Entretanto, a saída em sequência de vários profissionais da área de segurança — como Bakalar, Josh Achiam e Johannes Heidecke — aumentou a inquietação interna. Uma pessoa a par do assunto admite: “Isso é um pouco preocupante; agora existe uma sensação de urgência, é preciso fazer isso direito.” Outra fonte descreve que existe internamente uma sensação de “responsabilidade latente e medo”, com receio de que ainda não estejam preparados.
Além disso, a OpenAI também divulgou recentemente um incidente de segurança: um modelo invadiu o sistema de outra empresa durante um teste de capacidade de rede na rede interna, intensificando ainda mais as dúvidas do público sobre o controle de segurança.

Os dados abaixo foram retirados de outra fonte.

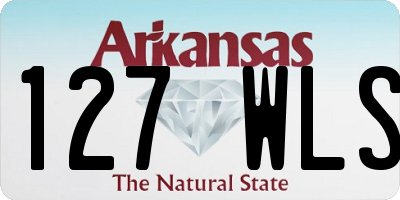 AR license plate 127WLS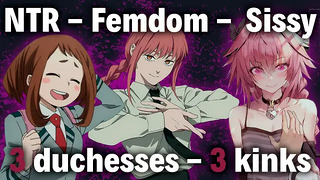 Femdom, NTR and Sissy – 3 Duchesses Movie – JOI Tales of loven | LOVEHENT CRAZY MIND UGA BUGA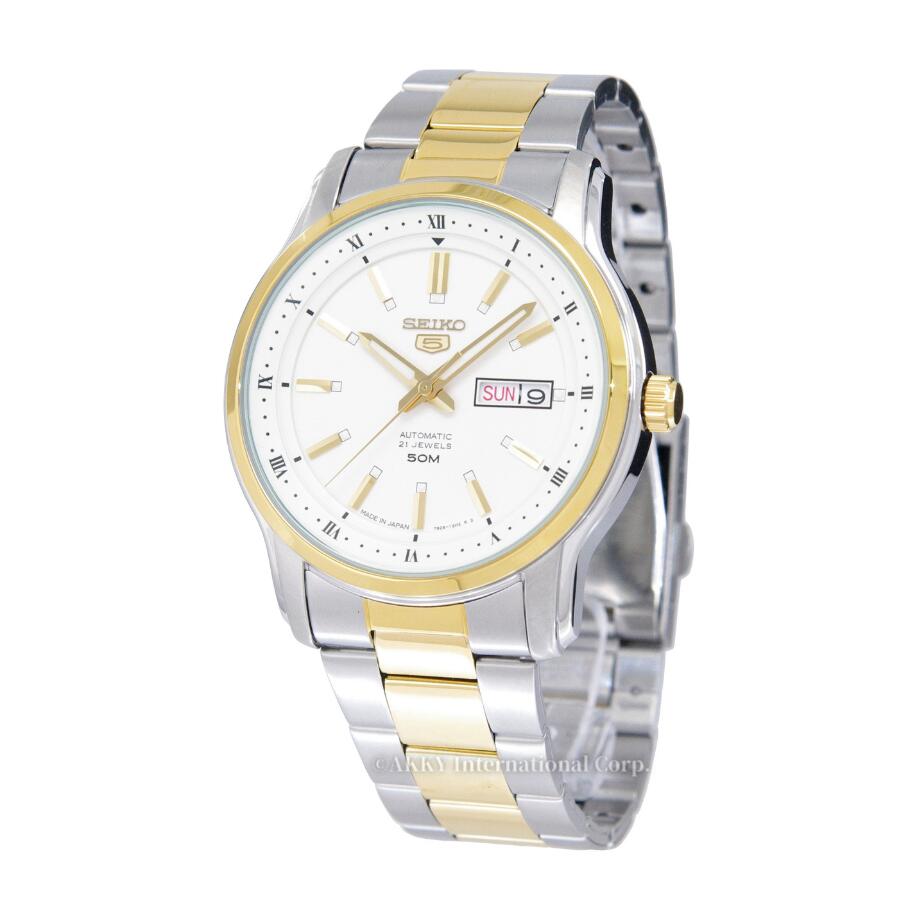【美品】希少品 セイコー SEIKO 腕時計 ゴールド　SNY348J1 セイコー SEIKO 5 腕時計 海外モデル 自動巻き 日本製 ドレス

Crescimento de receitas, mas já foi superado pela Anthropic

No nível dos negócios, a receita anualizada da OpenAI aumentou de 24 bilhões de dólares no fim do ano passado para cerca de 40 bilhões de dólares neste mês, com crescimento significativo. Segundo pessoas a par do assunto, grande parte desse avanço veio do novo modelo GPT-5.6, lançado há cinco semanas.
Mas o ritmo de crescimento do concorrente Anthropic é mais rápido. Citando dados de pessoas a par do assunto, o Financial Times informou que a receita anualizada da Anthropic saiu de 9 bilhões de dólares no fim de 2025 para 47 bilhões de dólares em maio deste ano, um aumento de cerca de cinco vezes; depois disso, ela manteve uma trajetória de crescimento semelhante e já ultrapassou a OpenAI.

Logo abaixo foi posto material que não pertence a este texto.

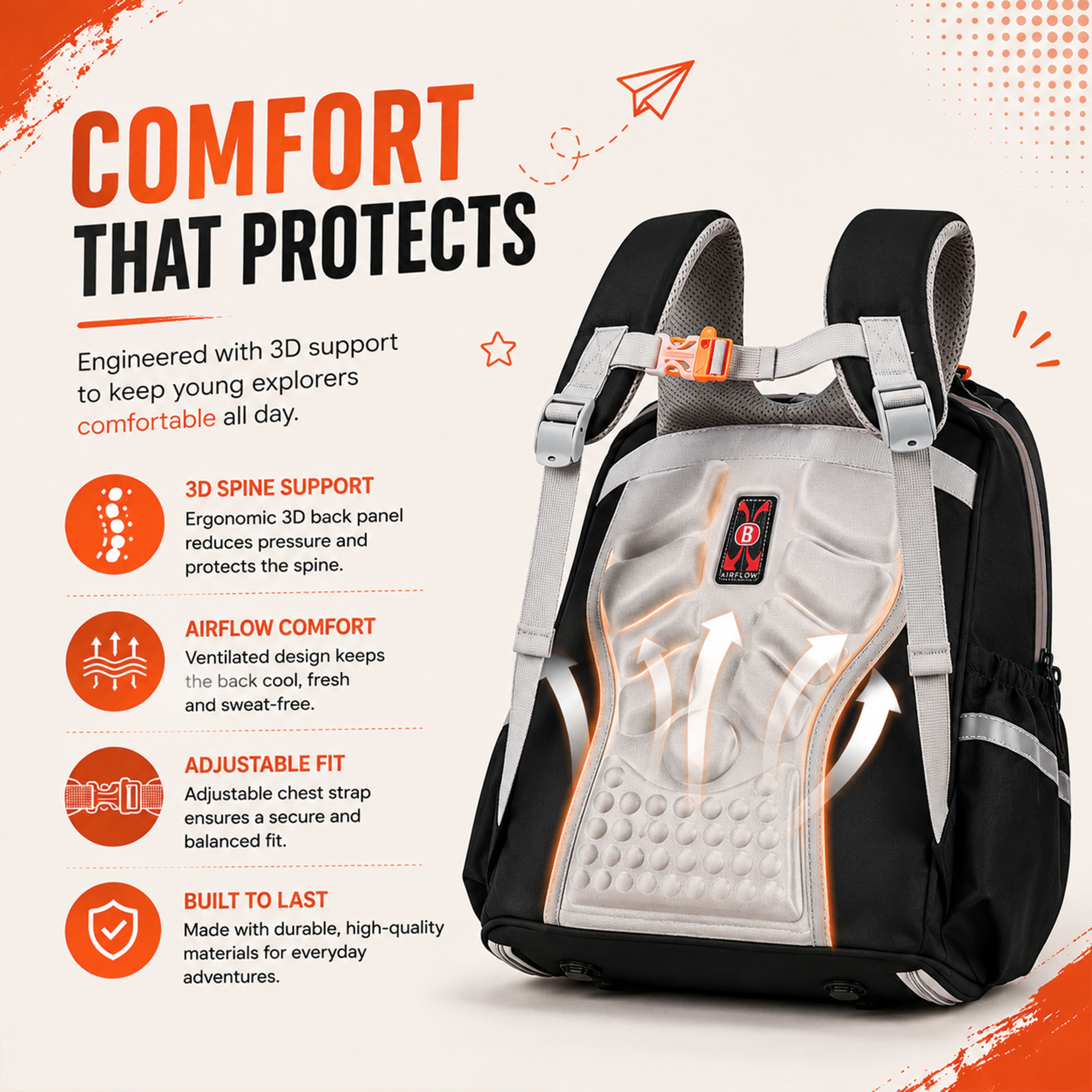 Buy MyneeMoe Play Box Kids School Backpack – Durable, Stylish & Spacious School Bag (Age 5–9Y) - at MyneeMoe Online In India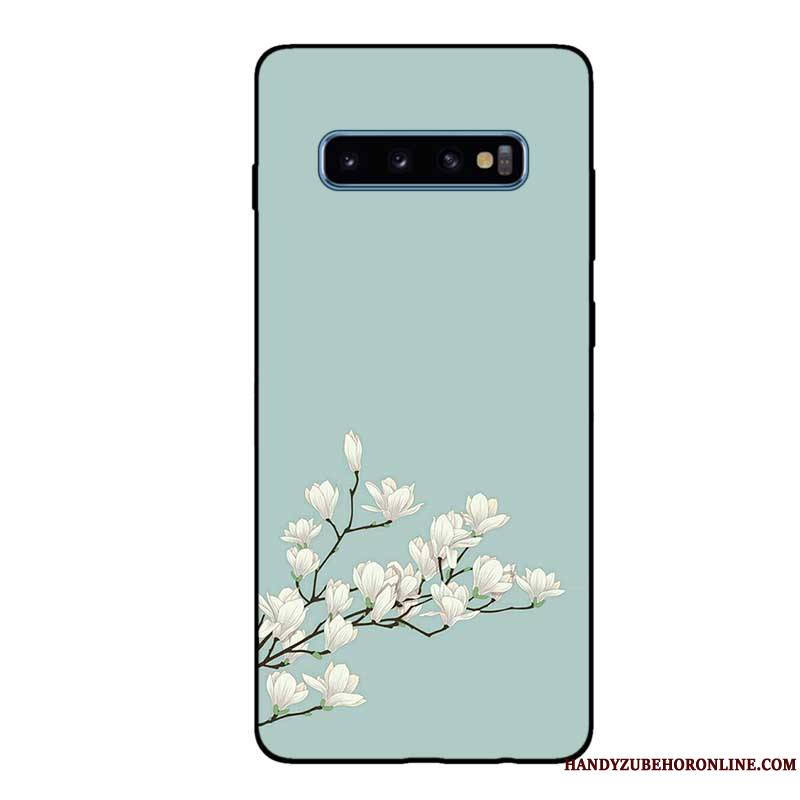 Samsung Galaxy S10 Étui Tout Compris Frais Coque Délavé En Daim Personnalisé Fluide Doux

Vale ressaltar que as duas empresas estimam a receita anual com base no desempenho recente, e que há diferenças no método de cálculo das receitas; portanto, comparações diretas têm limitações.
IPO adiada; funcionários realizam lucros e saem
A oferta pública inicial (IPO) da OpenAI era esperada para ser concluída ainda este ano, mas, de acordo com pessoas a par do assunto, foi adiada para o próximo ano; na época, a avaliação pode chegar a 1 trilhão de dólares.
Ao mesmo tempo, a empresa concluiu recentemente uma recompra de ações de quase 7,0 bilhões de dólares, permitindo que os funcionários realizassem lucros com base em uma avaliação de 85,2 bilhões de dólares. De acordo com funcionários atuais e ex-funcionários, parte das pessoas sacou valores superiores a 10 milhões de dólares.
No entanto, o custo de reorganizações frequentes está começando a aparecer. Duas pessoas a par do assunto disseram que os funcionários, de forma geral, se sentem “esgotados” e “frustrados”, e que alguns veem a recompra de ações como uma saída.
A visão dos investidores é dividida. Alguns investidores estão preocupados com a alta taxa de saídas e com a falta de foco da empresa; outros classificam a mudança de pessoal como uma organização normal antes do IPO. Um investidor que detém uma grande quantidade de ações da OpenAI disse: “A reestruturação da empresa antes do IPO não é incomum. Você precisa ter clareza de quem faz parte da sua equipe. Algumas saídas são por motivos de saúde; outras são para arrumar a casa.”
A OpenAI afirmou que a empresa está avançando com “velocidade extraordinária” e que “não tem medo de realizar mudanças organizacionais”.